When the Owls take the court for the first time this season against Kent State today, Nov. 13, at noon, what they will remember is last season’s 58–44 loss to South Florida in the NCAA Tournament. What they will be trying to do is to get people to forget.
Forgetting about the loss of seniors Ramone Moore, Juan Fernandez and Michael Eric will not be an easy task. The trio consists of last season’s leader in points, assists, three-point field goals, blocks and minutes. For the returning players the loss has been met by equal, and possibly greater, gain.
“We lost three good seniors, but we gained experience,” redshirt-sophomore forward Anthony Lee said. “We did lose good talent last year but we didn’t lose much, and we are more experienced now, even with [Moore, Fernandez and Eric] being gone.”
Senior forward Scootie Randall and junior guard Dalton Pepper are two players with experience that, unlike last year, will get chances to contribute. Randall redshirted his season due to a nagging knee injury while Pepper was forced to sit out a year after transferring from West Virginia. Having two players with more than a year separating them from their last meaningful collegiate game will add excitement and experience to Temple’s team, players said.
“[Randall and Dalton] are eager to get back out on the court,” senior guard Khalif Wyatt said. “They haven’t played a meaningful game in a long time. When [Kent State] comes around they will probably be the two most excited guys on the court.”
“They practiced with us all last year so there won’t be any rust in their game,” Wyatt added. “They are probably at the best they have ever been as far as skill-wise and being in shape. Now it’s just time to put it on the court.”
While players that were on the team but did not participate last year will be expected to make contributions, Wyatt is the player that will be expected to shoulder a majority of the workload. After a season in which he finished second on the team in points and first in steals and free throws, he is primed to command attention from opposing defenses.

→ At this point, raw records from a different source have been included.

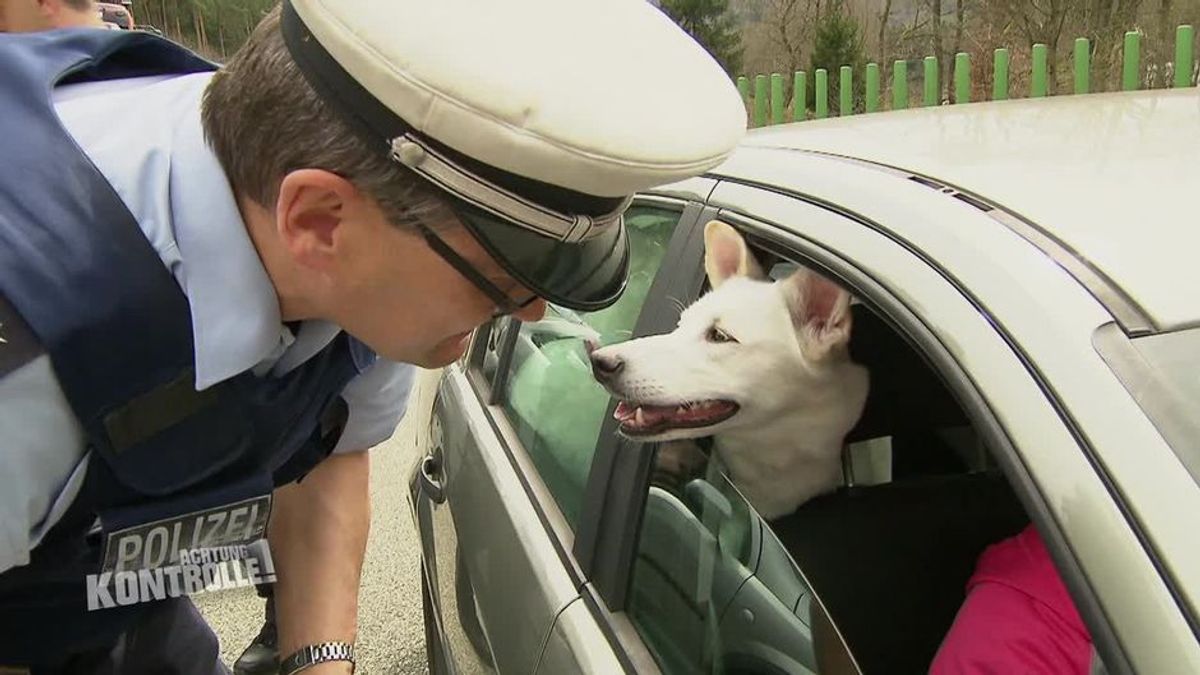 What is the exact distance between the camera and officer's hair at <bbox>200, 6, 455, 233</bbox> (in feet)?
2.99

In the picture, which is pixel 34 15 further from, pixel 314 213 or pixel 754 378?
pixel 314 213

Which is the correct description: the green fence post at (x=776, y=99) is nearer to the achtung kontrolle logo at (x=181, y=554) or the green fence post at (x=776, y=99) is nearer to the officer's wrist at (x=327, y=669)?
the officer's wrist at (x=327, y=669)

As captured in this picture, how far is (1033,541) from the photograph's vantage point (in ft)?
4.30

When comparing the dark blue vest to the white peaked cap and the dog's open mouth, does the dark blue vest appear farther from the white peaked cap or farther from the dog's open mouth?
the dog's open mouth

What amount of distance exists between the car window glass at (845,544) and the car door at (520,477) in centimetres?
14

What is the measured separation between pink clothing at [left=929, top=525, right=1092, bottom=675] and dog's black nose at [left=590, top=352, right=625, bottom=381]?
0.64 meters

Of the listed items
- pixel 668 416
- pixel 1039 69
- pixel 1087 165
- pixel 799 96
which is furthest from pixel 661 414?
pixel 799 96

“We are going to count on [Wyatt] to score a lot of points for us,” DiLeo said. “He has a lot of pressure on his shoulders but he knows that we are right there with him.”
“I want to be a leader on the court,” Wyatt said. “When things aren’t going our way, I want to be the guy that my teammates can count on to make a play. I wouldn’t say it is my team, but my teammates are counting on me just as much as I am counting on them.”

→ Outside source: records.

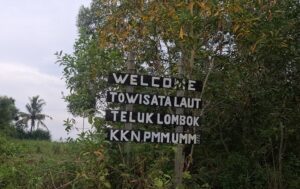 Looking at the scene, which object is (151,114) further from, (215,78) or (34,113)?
(34,113)

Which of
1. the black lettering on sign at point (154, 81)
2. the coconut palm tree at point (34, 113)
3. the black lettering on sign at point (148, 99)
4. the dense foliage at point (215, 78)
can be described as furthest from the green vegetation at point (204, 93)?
the coconut palm tree at point (34, 113)

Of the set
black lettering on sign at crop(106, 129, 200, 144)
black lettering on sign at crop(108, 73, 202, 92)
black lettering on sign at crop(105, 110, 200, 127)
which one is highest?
black lettering on sign at crop(108, 73, 202, 92)

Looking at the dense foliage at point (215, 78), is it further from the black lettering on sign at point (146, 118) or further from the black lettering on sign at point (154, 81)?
the black lettering on sign at point (146, 118)

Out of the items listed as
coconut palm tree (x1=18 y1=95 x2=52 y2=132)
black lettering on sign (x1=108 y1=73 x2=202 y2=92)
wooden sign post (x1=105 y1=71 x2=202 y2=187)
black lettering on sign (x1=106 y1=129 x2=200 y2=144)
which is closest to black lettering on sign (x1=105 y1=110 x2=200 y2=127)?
wooden sign post (x1=105 y1=71 x2=202 y2=187)

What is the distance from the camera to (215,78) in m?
7.60

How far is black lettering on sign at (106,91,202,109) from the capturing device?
6.93 m

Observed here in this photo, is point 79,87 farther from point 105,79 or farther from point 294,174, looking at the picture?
point 294,174

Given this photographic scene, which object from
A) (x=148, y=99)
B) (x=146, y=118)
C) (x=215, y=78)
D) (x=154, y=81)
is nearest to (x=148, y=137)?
(x=146, y=118)

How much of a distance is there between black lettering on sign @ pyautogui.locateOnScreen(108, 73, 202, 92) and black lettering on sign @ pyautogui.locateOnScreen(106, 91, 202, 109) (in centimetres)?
14

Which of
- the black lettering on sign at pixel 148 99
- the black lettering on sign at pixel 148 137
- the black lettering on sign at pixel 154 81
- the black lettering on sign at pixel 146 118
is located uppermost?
the black lettering on sign at pixel 154 81

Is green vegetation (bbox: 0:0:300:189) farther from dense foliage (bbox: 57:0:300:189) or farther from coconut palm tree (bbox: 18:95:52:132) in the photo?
coconut palm tree (bbox: 18:95:52:132)

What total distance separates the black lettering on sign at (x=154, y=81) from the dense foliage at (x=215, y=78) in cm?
29

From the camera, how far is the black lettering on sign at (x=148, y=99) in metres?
6.93

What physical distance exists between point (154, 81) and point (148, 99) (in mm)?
255
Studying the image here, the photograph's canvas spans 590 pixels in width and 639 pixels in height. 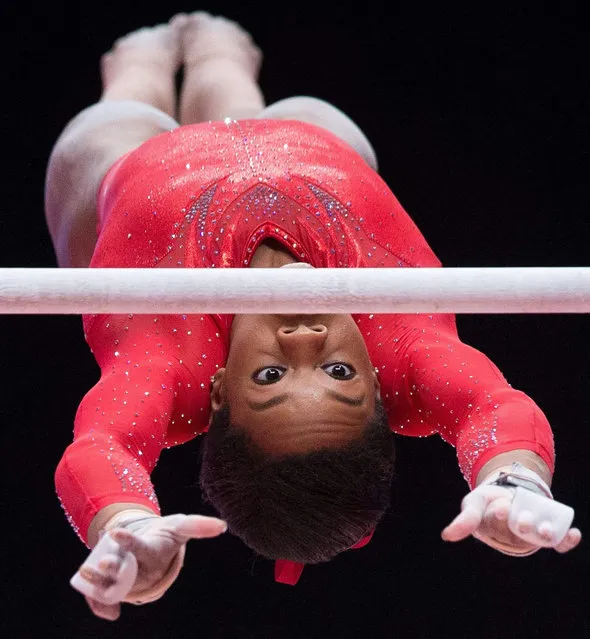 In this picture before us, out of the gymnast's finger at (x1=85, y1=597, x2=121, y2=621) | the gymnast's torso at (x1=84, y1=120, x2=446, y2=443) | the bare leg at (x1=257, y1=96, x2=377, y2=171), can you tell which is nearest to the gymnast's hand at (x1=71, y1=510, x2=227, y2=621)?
the gymnast's finger at (x1=85, y1=597, x2=121, y2=621)

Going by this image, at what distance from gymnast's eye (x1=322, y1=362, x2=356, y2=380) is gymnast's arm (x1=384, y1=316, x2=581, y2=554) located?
9 centimetres

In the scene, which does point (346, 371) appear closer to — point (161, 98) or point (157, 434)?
point (157, 434)

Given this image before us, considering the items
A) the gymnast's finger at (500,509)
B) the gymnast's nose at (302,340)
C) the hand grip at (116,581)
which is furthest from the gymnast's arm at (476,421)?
the hand grip at (116,581)

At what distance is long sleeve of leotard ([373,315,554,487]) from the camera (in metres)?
0.99

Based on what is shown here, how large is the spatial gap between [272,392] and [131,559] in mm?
302

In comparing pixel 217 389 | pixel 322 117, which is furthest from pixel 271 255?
pixel 322 117

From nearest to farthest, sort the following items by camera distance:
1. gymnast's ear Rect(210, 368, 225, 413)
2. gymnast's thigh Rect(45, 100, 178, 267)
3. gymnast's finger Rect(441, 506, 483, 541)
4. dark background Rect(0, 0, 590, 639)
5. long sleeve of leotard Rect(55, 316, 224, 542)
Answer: gymnast's finger Rect(441, 506, 483, 541), long sleeve of leotard Rect(55, 316, 224, 542), gymnast's ear Rect(210, 368, 225, 413), gymnast's thigh Rect(45, 100, 178, 267), dark background Rect(0, 0, 590, 639)

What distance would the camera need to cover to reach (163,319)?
3.90ft

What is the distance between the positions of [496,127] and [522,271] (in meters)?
1.21

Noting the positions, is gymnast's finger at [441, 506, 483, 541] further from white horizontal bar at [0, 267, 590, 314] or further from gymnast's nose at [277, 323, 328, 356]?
gymnast's nose at [277, 323, 328, 356]

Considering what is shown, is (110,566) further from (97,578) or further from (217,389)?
(217,389)

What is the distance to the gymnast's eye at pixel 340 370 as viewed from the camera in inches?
42.8

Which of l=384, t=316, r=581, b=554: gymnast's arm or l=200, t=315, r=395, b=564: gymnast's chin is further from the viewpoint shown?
l=200, t=315, r=395, b=564: gymnast's chin

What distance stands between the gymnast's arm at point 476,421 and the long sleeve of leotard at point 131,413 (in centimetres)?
23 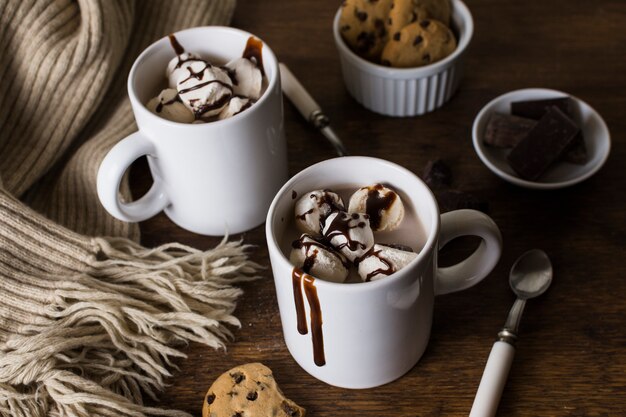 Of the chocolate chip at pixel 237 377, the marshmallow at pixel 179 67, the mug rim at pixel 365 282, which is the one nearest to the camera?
the mug rim at pixel 365 282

Who Wyatt will be counting on as his backcourt teammate is yet to be determined. Coach Fran Dunphy has yet to name a starter at the point guard position. Dunphy said either DiLeo or sophomore Will Cummings will start, and Wyatt could see time at the position as well.
“They bring three very different approaches to the game,” Dunphy said. “[Wyatt] has more knack for the game than anybody I have ever coached, but he is not the speed and quickness kind of guy. [Cummings] has speed and quickness and he can push the floor…but I might have to put up with some turnovers. Then you have a guy like [DiLeo] who is just a solid kid. He may not have the speed and quickness of [Cummings] or the craftiness of [Wyatt], but he takes very good care of the ball.”

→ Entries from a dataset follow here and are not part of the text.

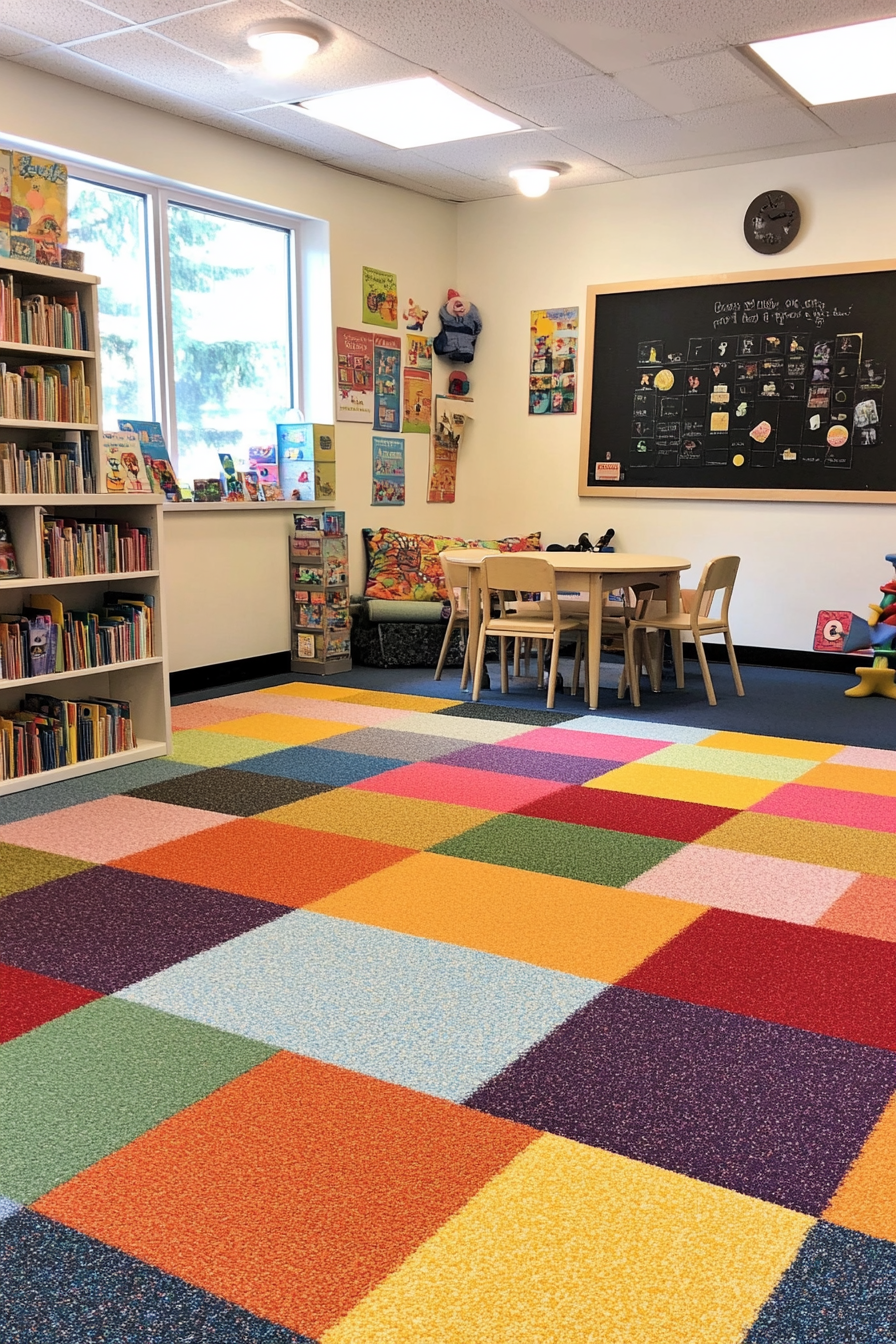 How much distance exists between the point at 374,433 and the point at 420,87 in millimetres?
2382

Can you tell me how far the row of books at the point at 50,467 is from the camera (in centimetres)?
405

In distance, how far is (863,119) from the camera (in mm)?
5926

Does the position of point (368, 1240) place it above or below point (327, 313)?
below

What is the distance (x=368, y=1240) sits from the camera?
5.58ft

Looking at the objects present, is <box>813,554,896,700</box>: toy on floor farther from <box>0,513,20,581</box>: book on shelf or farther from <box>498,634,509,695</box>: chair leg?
<box>0,513,20,581</box>: book on shelf

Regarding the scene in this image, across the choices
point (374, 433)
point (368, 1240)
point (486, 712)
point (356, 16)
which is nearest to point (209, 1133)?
point (368, 1240)

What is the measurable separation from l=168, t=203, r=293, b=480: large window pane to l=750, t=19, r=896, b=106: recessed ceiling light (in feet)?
10.0

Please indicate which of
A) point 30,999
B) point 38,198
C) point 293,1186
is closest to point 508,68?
point 38,198

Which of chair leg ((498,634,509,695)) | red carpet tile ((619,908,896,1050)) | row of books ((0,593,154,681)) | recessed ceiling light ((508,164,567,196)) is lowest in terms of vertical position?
red carpet tile ((619,908,896,1050))

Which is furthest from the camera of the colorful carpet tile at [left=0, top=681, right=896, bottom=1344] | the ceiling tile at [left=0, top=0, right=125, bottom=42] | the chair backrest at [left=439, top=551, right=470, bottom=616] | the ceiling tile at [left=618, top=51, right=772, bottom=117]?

After playing an average of 6.3 minutes per game behind Fernandez last season, Cummings said he is ready to establish himself with a bigger role on the team.
“As a competitor you want to play,” Cummings said. “But it was a great learning experience to have as a freshman. To get minutes and see how the college game is different from high school was a plus. The thing that [the seniors] taught me was to be a leader, that is the most important thing for me to do.”
Cummings’ experience may not be too different from what freshman guard Daniel Dingle receives this season. Temple’s highest-rated recruit by ESPN, Dingle might not find as many openings to see the court in his first year with a roster full of five seniors. What he does possess is a high basketball IQ, Dunphy said, something that makes the coach unafraid to give the true freshman minutes.
“His knowledge of the game is the strongest part of his game,” Dunphy said. “His basketball IQ is very good.”
“This year is going to be a learning experience, and I knew that out of high school,” Dingle said.
On how he would adapt to the changing athleticism from the high school game to the collegiate stage, Dingle said he doesn’t need to be the best athlete to succeed.
“Beating your opponents with your IQ, being smarter thinking one step faster than them,” Dingle said while explaining what steps he’d take.
It is uncertain whether Temple will receive more significant contributions from freshmen or extended minutes from upperclassmen. But one certainty remains: the players who were at the school last year don’t want their season to end in a similar fashion.
“This season is a fresh start,” Wyatt said. “We get a chance to go out and write a different ending to our story than the seniors from the past did.”